[What is needed] Return the records from the first line through the line containing "Actual product image", and leave out the pictures.

═════ Material to process

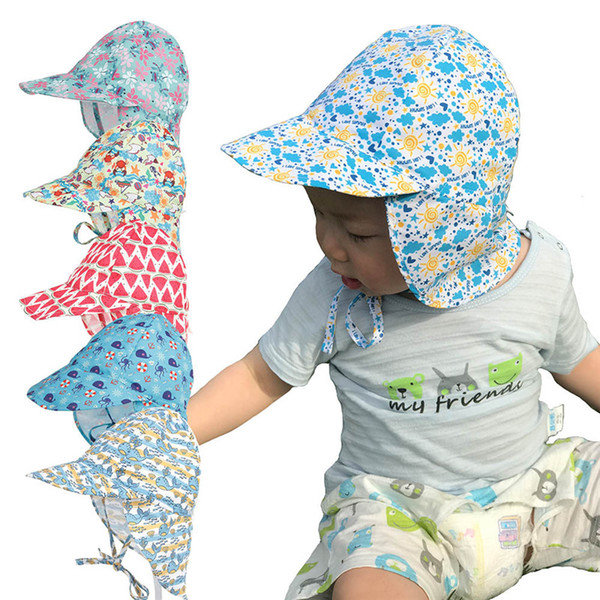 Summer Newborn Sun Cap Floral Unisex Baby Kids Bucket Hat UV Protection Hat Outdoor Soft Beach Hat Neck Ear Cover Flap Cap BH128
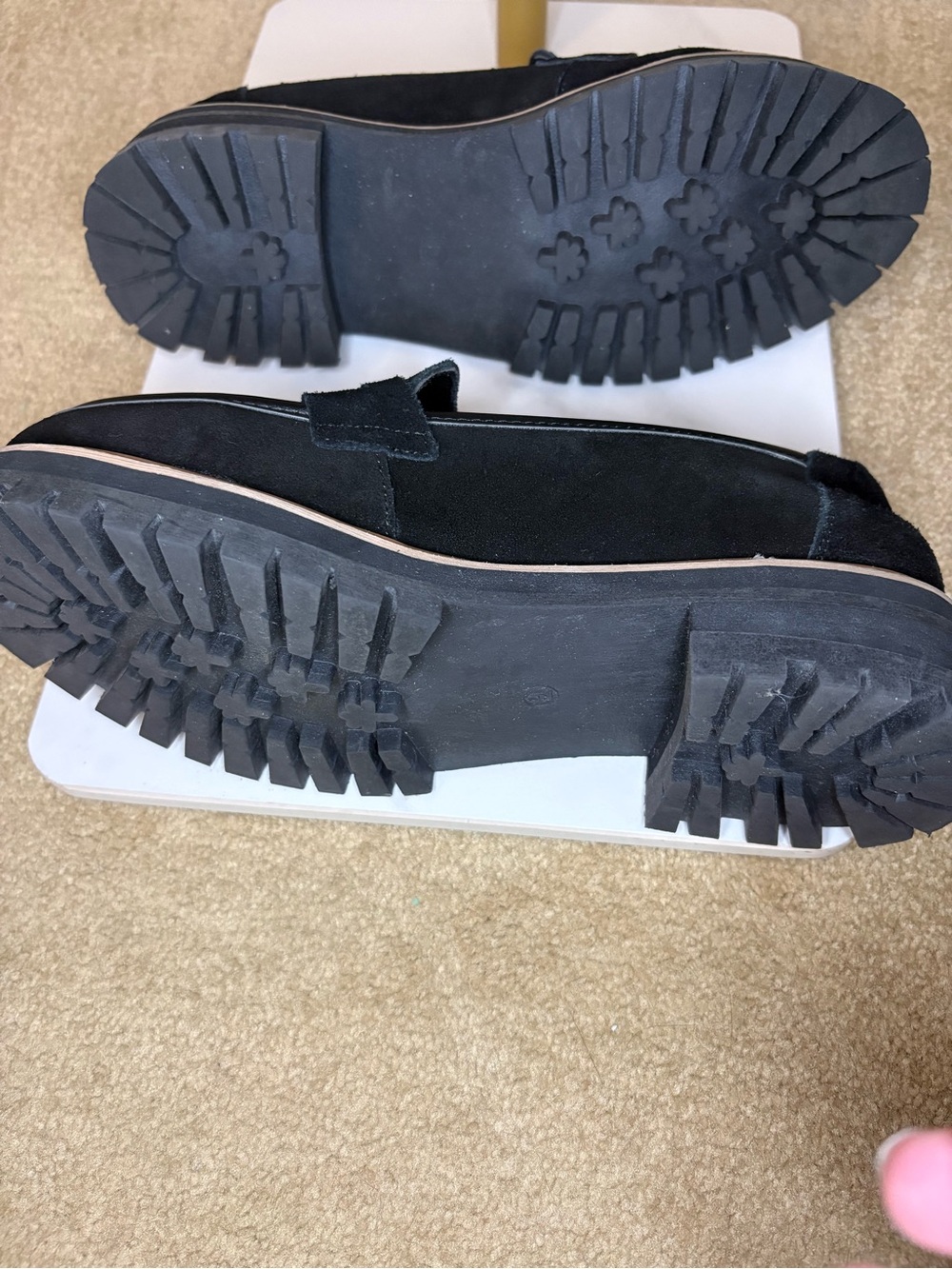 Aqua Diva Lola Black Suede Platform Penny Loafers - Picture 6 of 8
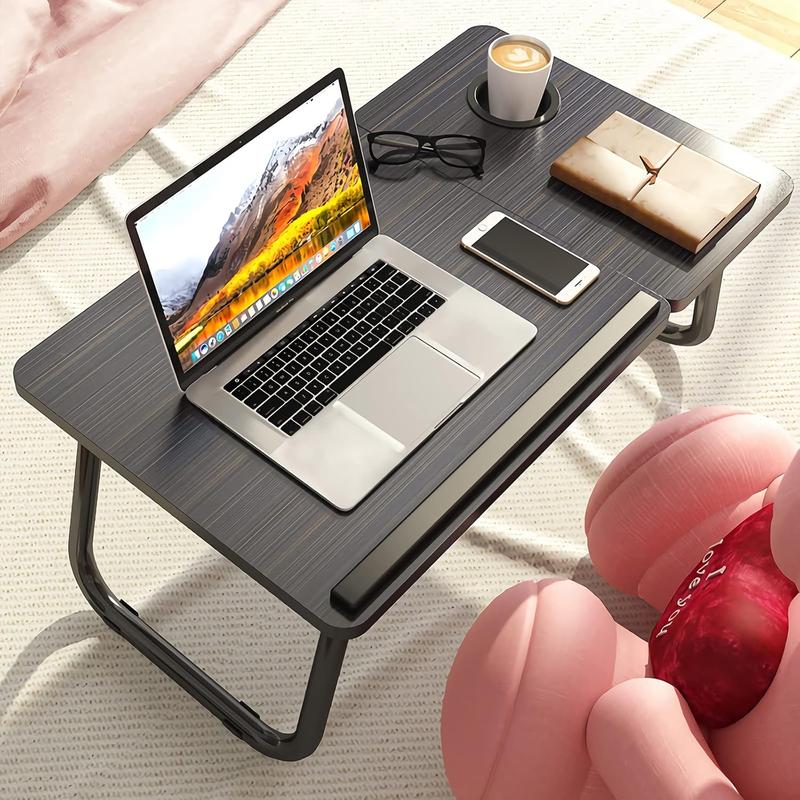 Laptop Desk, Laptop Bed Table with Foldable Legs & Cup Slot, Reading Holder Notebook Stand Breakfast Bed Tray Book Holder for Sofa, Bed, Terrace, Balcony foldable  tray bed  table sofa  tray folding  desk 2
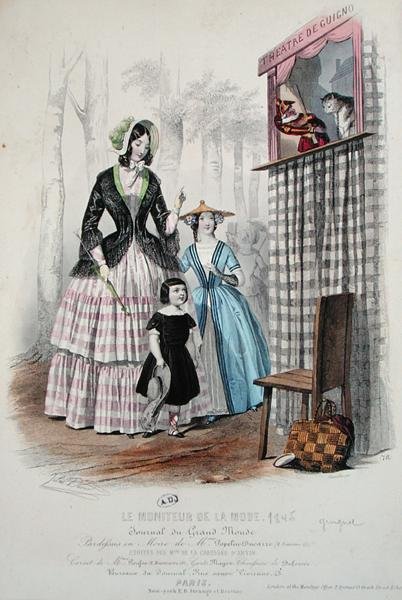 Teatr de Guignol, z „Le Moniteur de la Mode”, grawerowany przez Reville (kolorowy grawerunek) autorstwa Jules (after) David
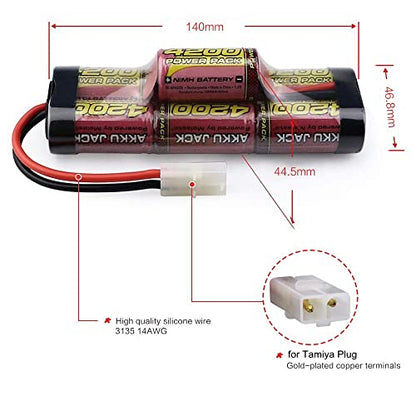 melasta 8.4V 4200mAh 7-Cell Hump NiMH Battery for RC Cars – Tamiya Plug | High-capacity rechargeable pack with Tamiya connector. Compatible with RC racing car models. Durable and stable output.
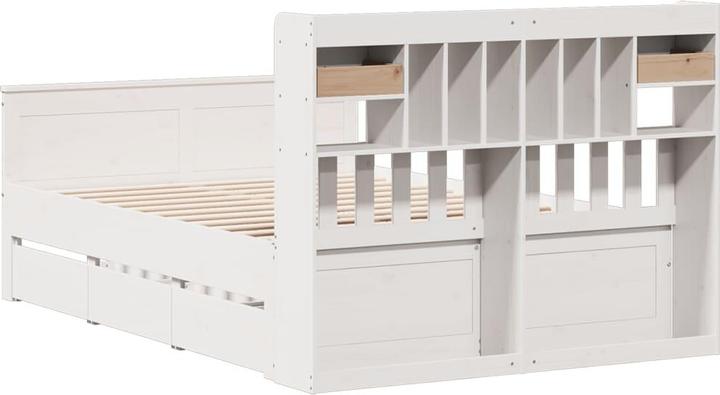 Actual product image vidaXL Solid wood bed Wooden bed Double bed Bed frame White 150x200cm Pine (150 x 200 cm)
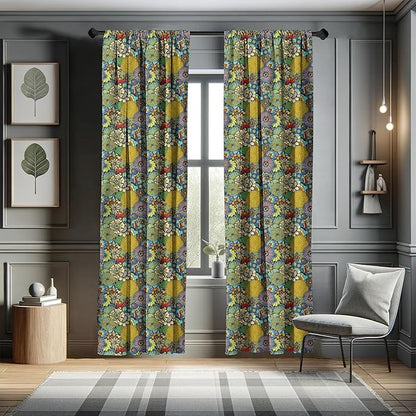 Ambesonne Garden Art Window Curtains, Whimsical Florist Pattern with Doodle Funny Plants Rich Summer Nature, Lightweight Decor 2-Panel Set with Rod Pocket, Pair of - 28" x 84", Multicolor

══════════

[Task response]
 Summer Newborn Sun Cap Floral Unisex Baby Kids Bucket Hat UV Protection Hat Outdoor Soft Beach Hat Neck Ear Cover Flap Cap BH128
 Aqua Diva Lola Black Suede Platform Penny Loafers - Picture 6 of 8
 Laptop Desk, Laptop Bed Table with Foldable Legs & Cup Slot, Reading Holder Notebook Stand Breakfast Bed Tray Book Holder for Sofa, Bed, Terrace, Balcony foldable  tray bed  table sofa  tray folding  desk 2
 Teatr de Guignol, z „Le Moniteur de la Mode”, grawerowany przez Reville (kolorowy grawerunek) autorstwa Jules (after) David
 melasta 8.4V 4200mAh 7-Cell Hump NiMH Battery for RC Cars – Tamiya Plug | High-capacity rechargeable pack with Tamiya connector. Compatible with RC racing car models. Durable and stable output.
 Actual product image vidaXL Solid wood bed Wooden bed Double bed Bed frame White 150x200cm Pine (150 x 200 cm)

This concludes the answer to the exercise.